The law is a demanding profession, he said, and professors call it is a jealous mistress. "But I say to you: It doesn't have to be that way!" He urged the law graduates "to live every day to its fullest and learn to live a balanced life."
Judge Dubina, a 1973 Cumberland graduate, spoke to a class of 149 and an audience of about 1,800 in Samford's Wright Center. Law graduate Blake Hungerford of Kennesaw, Ga., won the Daniel Austin Brewer Professionalism Award presented annually at Commencement. The award is named in honor of the father of retired Cumberland professor and former Alabama governor Albert Brewer.
"The greatest lawyers and judges in this country have been those who saw their work as an esteemed profession bound by an oath about justice, and not as a market-driven search for profit at any cost," said Dubina.

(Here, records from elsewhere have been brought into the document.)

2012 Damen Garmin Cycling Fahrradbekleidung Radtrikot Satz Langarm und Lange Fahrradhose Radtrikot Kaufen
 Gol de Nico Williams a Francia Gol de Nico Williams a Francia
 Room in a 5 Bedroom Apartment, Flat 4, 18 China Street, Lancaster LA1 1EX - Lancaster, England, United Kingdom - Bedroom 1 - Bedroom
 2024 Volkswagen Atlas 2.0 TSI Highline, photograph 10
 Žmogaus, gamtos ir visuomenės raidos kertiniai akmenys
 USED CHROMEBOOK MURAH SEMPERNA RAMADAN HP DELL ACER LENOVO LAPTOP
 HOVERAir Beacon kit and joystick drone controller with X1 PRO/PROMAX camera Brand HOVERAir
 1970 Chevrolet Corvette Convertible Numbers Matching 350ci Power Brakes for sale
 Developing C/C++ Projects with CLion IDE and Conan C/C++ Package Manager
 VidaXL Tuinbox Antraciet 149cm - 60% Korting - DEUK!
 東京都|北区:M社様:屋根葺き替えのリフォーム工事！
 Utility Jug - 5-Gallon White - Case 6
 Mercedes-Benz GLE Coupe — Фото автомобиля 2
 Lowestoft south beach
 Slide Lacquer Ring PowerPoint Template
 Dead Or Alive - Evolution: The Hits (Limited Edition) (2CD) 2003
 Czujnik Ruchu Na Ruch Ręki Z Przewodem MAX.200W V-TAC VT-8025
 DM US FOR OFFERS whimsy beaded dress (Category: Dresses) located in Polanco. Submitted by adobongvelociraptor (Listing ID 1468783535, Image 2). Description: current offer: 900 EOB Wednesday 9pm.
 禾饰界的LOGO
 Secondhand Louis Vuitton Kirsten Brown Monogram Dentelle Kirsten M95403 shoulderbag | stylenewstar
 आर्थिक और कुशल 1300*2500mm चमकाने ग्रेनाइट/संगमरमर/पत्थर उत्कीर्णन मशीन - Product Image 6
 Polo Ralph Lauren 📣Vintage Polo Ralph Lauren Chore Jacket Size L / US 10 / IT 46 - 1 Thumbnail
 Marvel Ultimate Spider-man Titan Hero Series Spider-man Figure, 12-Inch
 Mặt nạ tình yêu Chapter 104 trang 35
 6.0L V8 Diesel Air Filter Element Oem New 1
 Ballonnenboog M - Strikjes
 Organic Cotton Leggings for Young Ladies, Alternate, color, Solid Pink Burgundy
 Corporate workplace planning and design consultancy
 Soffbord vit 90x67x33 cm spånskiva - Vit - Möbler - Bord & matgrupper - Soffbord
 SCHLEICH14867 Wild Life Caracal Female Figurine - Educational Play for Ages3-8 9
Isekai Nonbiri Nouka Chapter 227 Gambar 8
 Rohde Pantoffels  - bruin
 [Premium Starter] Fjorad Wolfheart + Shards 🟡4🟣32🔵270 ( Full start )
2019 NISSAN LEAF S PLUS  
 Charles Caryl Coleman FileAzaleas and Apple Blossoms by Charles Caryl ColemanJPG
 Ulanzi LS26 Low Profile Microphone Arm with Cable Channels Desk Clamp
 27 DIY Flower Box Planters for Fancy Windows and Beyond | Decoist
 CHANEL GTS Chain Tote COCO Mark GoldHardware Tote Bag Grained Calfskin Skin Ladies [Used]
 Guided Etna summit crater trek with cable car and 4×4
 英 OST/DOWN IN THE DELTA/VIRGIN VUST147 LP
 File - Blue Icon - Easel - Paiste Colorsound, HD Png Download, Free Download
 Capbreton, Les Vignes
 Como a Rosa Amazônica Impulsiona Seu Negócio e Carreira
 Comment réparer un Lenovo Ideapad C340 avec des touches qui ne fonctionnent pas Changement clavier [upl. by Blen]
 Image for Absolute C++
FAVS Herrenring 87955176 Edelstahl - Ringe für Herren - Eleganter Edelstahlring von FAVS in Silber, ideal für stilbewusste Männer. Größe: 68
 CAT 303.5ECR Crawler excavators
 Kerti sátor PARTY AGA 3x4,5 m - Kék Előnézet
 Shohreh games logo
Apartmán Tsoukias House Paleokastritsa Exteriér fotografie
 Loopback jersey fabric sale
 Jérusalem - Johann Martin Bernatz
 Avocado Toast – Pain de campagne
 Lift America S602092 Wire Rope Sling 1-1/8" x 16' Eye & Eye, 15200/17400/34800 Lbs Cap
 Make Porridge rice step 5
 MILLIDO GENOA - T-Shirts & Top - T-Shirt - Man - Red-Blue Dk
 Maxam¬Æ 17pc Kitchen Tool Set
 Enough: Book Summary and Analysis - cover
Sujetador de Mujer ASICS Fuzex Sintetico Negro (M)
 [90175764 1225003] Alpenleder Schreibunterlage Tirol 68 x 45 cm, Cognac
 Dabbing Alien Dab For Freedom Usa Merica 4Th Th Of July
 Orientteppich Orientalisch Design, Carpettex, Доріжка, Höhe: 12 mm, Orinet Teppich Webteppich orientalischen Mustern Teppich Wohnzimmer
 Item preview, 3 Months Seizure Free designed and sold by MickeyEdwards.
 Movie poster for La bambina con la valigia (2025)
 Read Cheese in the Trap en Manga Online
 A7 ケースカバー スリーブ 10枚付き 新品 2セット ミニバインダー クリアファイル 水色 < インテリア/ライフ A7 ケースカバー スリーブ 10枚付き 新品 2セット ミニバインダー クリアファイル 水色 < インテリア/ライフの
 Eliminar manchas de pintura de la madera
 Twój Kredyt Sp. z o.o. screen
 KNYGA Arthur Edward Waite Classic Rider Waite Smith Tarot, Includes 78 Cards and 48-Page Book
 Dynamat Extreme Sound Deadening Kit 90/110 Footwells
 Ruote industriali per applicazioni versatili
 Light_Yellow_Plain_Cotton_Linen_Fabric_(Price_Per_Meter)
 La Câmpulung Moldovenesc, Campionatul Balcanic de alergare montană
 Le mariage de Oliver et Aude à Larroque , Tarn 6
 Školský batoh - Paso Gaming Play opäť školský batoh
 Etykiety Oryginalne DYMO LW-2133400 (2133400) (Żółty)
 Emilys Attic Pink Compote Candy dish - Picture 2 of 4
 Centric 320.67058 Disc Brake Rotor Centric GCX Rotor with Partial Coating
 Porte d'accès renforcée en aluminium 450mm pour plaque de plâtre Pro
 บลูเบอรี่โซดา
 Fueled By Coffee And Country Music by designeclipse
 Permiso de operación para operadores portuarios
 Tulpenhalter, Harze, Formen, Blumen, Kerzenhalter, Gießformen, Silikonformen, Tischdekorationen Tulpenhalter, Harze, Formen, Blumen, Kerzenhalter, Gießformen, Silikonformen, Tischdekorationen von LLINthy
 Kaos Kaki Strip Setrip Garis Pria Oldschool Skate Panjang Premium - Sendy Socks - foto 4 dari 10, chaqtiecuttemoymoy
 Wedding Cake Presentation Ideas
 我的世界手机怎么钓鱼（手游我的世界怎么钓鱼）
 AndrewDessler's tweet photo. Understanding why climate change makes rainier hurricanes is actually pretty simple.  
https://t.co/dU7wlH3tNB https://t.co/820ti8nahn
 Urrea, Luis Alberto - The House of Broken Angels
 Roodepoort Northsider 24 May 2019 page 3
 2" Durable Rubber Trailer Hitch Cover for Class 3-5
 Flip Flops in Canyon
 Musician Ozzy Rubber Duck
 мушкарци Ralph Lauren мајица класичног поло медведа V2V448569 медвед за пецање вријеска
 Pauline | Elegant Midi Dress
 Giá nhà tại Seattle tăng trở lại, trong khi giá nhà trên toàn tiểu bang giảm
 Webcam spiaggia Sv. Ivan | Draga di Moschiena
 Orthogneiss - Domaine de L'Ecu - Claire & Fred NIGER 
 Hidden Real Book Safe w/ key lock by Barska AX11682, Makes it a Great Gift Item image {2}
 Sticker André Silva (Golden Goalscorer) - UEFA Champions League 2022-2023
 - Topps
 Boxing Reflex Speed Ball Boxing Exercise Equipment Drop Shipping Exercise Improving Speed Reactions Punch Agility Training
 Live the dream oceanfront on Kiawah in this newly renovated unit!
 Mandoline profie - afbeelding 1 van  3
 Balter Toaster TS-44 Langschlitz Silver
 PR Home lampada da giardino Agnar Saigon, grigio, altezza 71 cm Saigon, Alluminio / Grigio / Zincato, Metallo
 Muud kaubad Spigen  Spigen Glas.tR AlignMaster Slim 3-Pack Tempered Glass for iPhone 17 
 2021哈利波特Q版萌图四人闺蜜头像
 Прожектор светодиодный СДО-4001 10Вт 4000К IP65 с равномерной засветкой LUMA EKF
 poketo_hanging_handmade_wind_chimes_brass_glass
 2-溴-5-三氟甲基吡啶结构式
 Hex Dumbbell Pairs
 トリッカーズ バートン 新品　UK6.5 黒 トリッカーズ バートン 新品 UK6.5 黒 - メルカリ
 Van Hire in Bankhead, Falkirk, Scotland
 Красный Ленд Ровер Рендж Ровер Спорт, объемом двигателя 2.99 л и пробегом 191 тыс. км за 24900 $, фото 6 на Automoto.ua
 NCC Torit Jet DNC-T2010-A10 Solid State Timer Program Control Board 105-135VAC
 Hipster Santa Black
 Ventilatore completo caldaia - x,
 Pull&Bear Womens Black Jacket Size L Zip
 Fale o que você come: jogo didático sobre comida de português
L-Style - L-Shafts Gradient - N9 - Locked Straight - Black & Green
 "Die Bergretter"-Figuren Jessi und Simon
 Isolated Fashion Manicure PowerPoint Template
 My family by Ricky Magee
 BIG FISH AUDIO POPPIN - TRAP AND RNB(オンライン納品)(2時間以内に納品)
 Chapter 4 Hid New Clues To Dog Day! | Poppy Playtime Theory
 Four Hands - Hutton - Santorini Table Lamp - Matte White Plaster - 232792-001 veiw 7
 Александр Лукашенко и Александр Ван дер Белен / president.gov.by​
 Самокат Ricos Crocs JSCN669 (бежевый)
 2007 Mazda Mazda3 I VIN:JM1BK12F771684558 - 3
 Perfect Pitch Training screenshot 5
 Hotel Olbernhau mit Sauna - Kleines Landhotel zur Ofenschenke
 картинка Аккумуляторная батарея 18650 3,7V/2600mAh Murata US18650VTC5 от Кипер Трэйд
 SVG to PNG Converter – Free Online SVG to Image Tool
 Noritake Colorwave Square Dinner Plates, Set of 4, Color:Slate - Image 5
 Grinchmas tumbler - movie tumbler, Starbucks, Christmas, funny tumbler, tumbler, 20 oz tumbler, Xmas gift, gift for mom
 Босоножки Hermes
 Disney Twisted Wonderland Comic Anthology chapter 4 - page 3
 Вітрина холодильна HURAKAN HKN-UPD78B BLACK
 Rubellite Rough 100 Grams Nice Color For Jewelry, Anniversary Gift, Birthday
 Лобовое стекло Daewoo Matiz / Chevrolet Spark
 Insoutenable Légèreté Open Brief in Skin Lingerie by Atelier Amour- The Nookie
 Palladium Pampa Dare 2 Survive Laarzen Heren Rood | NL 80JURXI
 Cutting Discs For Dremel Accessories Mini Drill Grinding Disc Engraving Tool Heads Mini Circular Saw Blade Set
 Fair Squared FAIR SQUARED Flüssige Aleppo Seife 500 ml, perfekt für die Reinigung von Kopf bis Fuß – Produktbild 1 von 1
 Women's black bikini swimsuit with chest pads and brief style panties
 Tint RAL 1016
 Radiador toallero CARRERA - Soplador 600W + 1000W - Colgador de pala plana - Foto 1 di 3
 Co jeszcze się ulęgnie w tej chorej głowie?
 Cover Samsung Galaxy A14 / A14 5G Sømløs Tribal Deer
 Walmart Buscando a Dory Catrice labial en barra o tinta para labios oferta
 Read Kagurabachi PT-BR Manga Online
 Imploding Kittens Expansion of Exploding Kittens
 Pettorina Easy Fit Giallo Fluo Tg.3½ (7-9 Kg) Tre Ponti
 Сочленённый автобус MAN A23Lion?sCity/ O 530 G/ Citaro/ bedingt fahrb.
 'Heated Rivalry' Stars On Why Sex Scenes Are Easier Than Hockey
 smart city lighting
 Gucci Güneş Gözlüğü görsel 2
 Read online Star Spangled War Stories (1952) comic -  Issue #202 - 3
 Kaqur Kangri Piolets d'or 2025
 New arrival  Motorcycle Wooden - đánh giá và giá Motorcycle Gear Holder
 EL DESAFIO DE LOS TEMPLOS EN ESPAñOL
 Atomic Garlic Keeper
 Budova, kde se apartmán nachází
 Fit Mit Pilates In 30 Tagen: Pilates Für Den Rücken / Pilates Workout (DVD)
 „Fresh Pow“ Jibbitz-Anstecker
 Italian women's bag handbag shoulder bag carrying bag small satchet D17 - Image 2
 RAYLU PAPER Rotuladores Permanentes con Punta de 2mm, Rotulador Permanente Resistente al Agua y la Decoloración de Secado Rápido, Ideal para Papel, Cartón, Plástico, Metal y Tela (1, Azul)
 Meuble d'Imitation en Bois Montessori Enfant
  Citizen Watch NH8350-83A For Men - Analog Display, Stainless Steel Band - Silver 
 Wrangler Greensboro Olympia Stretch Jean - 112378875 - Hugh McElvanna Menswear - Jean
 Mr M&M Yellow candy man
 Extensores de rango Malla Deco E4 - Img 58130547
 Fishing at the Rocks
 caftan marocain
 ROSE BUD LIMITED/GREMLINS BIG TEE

Video: Samford Commencement 2013
He said, "in his view," bar associations and courts "must demand that lawyers give something back to our great profession." He challenged the graduates to accept court appointments without complaint and to get involved in pro bono projects to help the poor and indigent.
The judge told the graduates they must work to uphold the confidence of the public in our legal system. "Our profession demands that you preserve the confidence in our system by being an effective advocate for your client and by acting with integrity in all aspects of your life," he said.
Dubina said "the cry for justice is universal," and that people all over the world "would give all they possess to live under a justice system like ours." He challenged the graduates to "uphold our legal foundations and support our system in its pursuit of truth, justice, and equality."
The judge told the graduates that he went to law school at the insistence of his father, who told him that the professors would "teach you how to think." He assured them that "having a law degree will greatly benefit you" because it is "the most versatile degree one can obtain."